Saturday, May 2, 2009

122/365 Nobody is immune (Don't worry, this has nothing to do with Pigs or Viruses)

She's grown up so much, so fast. Watching little ones toddle on the beach today reminded me of times not long ago when she dared not let go, all five of her pudgy baby fingers wrapped so tightly around one of mine, fearing she'd be swept away by the waves. She was too frightened be near the water alone, yet she roared with laughter when her daddy carried into the crashing waves. Our trips to the beach were fun but so much work, with every step a danger as we watched over this precious, young gift we were given. Today she walked and waded with a friend and tossed a football with some teen boys they met.
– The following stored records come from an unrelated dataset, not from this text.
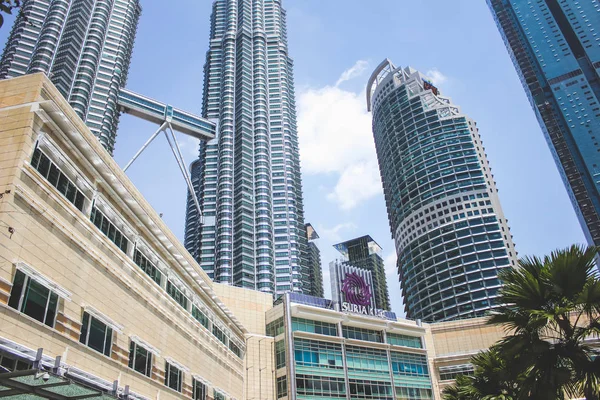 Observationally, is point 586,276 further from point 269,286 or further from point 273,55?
point 273,55

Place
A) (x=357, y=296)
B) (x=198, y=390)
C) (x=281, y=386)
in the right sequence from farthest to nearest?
1. (x=357, y=296)
2. (x=281, y=386)
3. (x=198, y=390)

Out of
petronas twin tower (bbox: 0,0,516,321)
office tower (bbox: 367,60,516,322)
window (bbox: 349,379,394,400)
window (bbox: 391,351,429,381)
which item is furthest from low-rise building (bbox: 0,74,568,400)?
office tower (bbox: 367,60,516,322)

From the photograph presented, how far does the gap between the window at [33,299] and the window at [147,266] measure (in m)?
7.91

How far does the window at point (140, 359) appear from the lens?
24422 millimetres

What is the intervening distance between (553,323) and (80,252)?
61.5ft

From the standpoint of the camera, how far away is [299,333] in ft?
175

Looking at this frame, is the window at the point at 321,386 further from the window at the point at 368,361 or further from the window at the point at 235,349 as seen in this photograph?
the window at the point at 235,349

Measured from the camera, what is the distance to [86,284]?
21.2 m

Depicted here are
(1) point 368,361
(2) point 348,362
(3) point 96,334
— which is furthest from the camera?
(1) point 368,361

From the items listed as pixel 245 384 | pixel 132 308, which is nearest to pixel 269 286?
pixel 245 384

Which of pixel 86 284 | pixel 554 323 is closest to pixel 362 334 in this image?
pixel 86 284

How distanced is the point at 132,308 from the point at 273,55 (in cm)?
16643

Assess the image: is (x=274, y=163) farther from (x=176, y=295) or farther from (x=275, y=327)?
(x=176, y=295)

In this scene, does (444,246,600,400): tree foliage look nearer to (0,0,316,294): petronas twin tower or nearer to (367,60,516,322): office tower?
(367,60,516,322): office tower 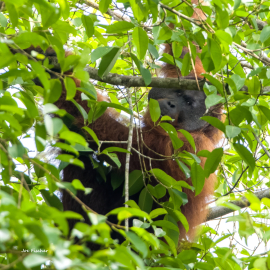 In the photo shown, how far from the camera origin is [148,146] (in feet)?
9.26

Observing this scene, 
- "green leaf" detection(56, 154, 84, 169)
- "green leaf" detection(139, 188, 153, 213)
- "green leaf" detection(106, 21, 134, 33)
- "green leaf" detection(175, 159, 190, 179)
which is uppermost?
"green leaf" detection(106, 21, 134, 33)

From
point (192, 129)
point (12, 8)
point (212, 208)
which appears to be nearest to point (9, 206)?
point (12, 8)

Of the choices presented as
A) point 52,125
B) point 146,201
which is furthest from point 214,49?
point 52,125

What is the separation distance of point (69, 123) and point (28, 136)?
467 mm

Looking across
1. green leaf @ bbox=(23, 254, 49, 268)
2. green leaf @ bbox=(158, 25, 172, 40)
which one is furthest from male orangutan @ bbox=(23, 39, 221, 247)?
green leaf @ bbox=(23, 254, 49, 268)

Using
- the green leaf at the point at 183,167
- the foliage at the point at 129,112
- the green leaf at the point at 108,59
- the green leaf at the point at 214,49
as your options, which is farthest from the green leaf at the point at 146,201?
the green leaf at the point at 214,49

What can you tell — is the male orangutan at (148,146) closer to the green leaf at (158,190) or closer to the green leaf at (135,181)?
the green leaf at (135,181)

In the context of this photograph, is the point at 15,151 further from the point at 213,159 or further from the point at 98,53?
the point at 213,159

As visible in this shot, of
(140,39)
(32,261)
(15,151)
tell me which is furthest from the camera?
(140,39)

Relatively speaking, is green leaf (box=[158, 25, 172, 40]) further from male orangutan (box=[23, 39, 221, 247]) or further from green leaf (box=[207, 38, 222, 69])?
male orangutan (box=[23, 39, 221, 247])

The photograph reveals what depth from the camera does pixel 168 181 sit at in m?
2.07

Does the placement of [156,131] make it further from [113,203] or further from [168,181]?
[168,181]

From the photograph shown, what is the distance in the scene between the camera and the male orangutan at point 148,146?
2686 millimetres

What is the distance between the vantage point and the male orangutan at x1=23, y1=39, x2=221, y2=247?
8.81 feet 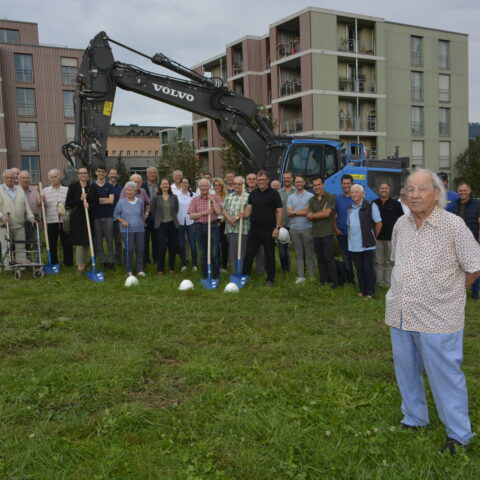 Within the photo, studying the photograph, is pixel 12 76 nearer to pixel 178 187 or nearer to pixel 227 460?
pixel 178 187

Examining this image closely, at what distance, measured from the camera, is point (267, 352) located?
18.0ft

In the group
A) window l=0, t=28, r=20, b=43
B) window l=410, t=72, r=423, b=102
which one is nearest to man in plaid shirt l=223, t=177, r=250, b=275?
window l=410, t=72, r=423, b=102

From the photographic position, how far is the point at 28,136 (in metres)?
44.2

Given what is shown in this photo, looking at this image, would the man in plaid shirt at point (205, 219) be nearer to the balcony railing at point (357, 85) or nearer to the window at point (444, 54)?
the balcony railing at point (357, 85)

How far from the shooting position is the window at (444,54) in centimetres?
4006

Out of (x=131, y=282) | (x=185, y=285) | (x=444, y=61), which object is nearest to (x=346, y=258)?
(x=185, y=285)

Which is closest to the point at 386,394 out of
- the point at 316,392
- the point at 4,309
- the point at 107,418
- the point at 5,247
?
the point at 316,392

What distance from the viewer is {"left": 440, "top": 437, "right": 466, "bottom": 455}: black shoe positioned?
340 cm

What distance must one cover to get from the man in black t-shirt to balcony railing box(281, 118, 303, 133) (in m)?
28.4

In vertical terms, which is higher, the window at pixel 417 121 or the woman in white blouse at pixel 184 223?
the window at pixel 417 121

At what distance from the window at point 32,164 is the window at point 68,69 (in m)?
7.19

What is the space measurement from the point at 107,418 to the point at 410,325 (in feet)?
7.70

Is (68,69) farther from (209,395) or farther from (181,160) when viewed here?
(209,395)

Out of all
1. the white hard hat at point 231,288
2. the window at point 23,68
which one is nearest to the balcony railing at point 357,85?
the window at point 23,68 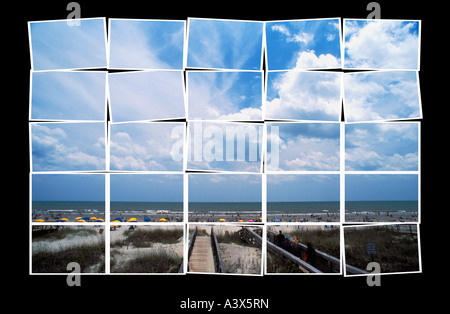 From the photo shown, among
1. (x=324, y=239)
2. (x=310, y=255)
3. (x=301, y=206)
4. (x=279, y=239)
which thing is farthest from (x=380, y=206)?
(x=279, y=239)

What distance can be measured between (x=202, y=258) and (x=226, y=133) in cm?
169

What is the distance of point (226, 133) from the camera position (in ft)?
10.3

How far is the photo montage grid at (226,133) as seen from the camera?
3125mm

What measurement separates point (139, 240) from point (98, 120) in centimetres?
170

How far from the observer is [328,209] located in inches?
136

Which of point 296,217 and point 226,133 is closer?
point 226,133

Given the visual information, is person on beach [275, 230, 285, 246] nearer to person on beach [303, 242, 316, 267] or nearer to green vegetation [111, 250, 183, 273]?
person on beach [303, 242, 316, 267]

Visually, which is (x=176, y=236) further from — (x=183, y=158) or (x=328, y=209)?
(x=328, y=209)

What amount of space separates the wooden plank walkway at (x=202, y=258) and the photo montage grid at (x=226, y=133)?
2cm

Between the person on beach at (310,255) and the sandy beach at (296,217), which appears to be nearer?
the sandy beach at (296,217)

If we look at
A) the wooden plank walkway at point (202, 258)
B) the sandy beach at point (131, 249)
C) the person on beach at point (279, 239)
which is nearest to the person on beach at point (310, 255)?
the person on beach at point (279, 239)

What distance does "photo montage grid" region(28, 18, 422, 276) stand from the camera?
123 inches

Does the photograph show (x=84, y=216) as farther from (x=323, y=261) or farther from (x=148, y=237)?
(x=323, y=261)

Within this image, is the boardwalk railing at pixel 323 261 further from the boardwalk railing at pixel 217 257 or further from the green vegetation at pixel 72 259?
the green vegetation at pixel 72 259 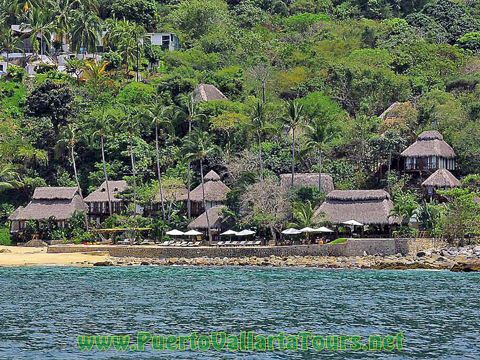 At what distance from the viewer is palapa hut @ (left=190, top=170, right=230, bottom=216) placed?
6956cm

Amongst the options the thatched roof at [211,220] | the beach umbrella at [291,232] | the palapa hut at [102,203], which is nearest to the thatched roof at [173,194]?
the thatched roof at [211,220]

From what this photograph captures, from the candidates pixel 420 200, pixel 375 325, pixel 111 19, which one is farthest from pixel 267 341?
pixel 111 19

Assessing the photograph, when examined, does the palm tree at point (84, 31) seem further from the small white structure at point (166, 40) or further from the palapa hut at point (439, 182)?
the palapa hut at point (439, 182)

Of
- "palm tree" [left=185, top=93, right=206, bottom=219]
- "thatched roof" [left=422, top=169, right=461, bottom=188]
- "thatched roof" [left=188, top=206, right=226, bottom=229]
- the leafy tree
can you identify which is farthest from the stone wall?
the leafy tree

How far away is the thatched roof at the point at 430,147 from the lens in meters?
67.8

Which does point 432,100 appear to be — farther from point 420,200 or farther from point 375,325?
point 375,325

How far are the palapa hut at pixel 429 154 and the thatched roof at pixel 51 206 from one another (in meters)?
24.4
She had her own day at the beach. When she was little and everything was such hard work I'd imagined this day. I pictured myself snoozing contentedly, lulled to sleep by the delicious rhythm created by the dance between the moon and the earth's water. It wasn't to be, though. Instead I spent my time on the beach today thinking of two encounters yesterday, both hearkening back to a fourth grade class I had so many years ago.
One student was quiet, humble, strawberry blond and all girl, who seemed to struggle with nearly everything I gave her. Except her writing. She wrote with complete abandon, and at ten years old she scratched out descriptive prose that I tasted, heard and smelled when I read it. Struggles with spelling, grammar, and other particulars didn't interrupt her expression. Each assignment was a tribute to her trust in me to use a gentle hand and to wield the red pen with discretion. She's grown now. Working a punch-a-time-card job, and living with a boyfriend because one parent abused drugs and the other kicked her out. This quiet, humble, strawberry blond girl hasn't quite been able to make college work as she scratches out a living, she told me. Sitting outside her job, she surprised me with a Popsicle and she caught me up. I found myself wishing that someone had perfected the damned time machine. But then what could I have done, nearly a decade ago, to have helped her to avoid the hardships she's already faced?
Another student, a brilliant, witty, clever kid with wonderful and supportive parents, but who never seemed to get it together as a fourth grader. This child would take a Spelling Quiz and then lose the paper as it traveled from his hand to mine. I was challenged to challenge him, with his incredible brain and his incredibly indifferent attitude toward all things school-related. I'd imagined that this would be the kid to grow up and find the cure for cancer, or design bridges, or possibly negotiate a lasting peace in the Middle East. He's that brilliant. I saw his mother yesterday, and she told me about his struggles. College hasn't inspired him, dropping out of one, and barely scraping by at another. He's still a brilliant, witty, and clever kid, but nothing has inspired him. He has moved out and then back home, and his wonderful and supportive parents are worried.
So today at the beach, looking at the little girl who held me so tightly, I wondered what story her teachers will hear during a chance encounter in another half a decade. Will hers be another story of struggle and pain in a young life? Nowadays I'm the one who wants to hold on tight, but the time is coming, much too soon, when I will have to start letting go.


MJ said...

It's not enough to say I have chills when I read this.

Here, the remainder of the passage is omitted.